Und Hohngelächter und Gekicher war im Schwang
Bis spät am Abend. Doch nach Sonnenuntergang
Entzündeten das brünstige Mannesungeheuer
Geschäftige Fackeln zu gewaltigem Siegesfeuer.
Und all die tapfern Jungfern mit Triumphgeschrei
Und Schlachtgesängen standen der Verbrennung bei.
Und als die Lohe losch und der verkohlte Rumpf
Zu Boden fiel, ein lächerlicher schwarzer Schrumpf,
War noch der Haß an seinem Überrest erpicht.
Man stampft nach ihm, man überwirft ihn, haut ihn, sticht.
Und Mädchen, Kinder selber, suchen vorzudringen,
Um einen Fußtritt, einen Schimpf mit anzubringen.

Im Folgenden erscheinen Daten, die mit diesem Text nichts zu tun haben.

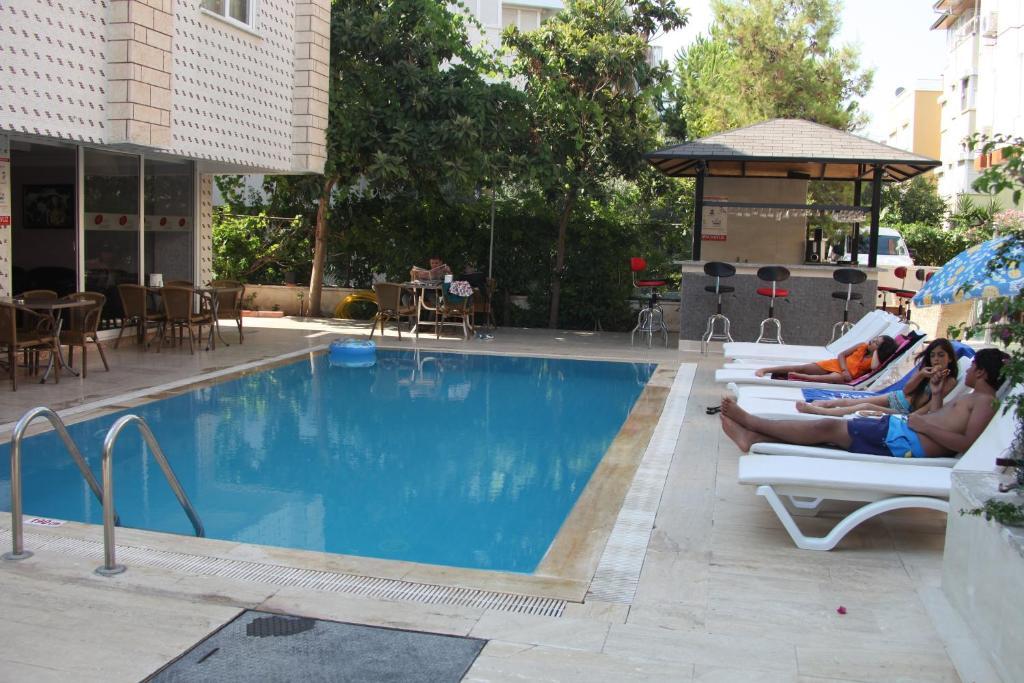 Otel Guenduez Antalya Buitenkant foto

Wie wenn in eines Kehrichts Hadern und Gehudel
Die Nase stößt ein herrenloses Hunderudel
Und einen alten Fuchspelz, schäbig und verlaust,
Stöbern sie auf, und jeder faßt ihn an und zaust
Und beutelt den gemeinen Feind, und Dachs und Spitz
Wetteifern, zu betätigen ihren grimmen Witz,
Bedauernd, nicht dem Fuchse selbst es so zu lohnen:
So mit dem Mannsbild die beherzten Amazonen.
Am nächsten Morgen aber ritt die Königin
Im Waffensturmgewitter nach dem Festplatz hin,
Im Panzer und im Helm, bereit zum Widerparte,
Beschützt vom Amazonenring, der sie umstarrte.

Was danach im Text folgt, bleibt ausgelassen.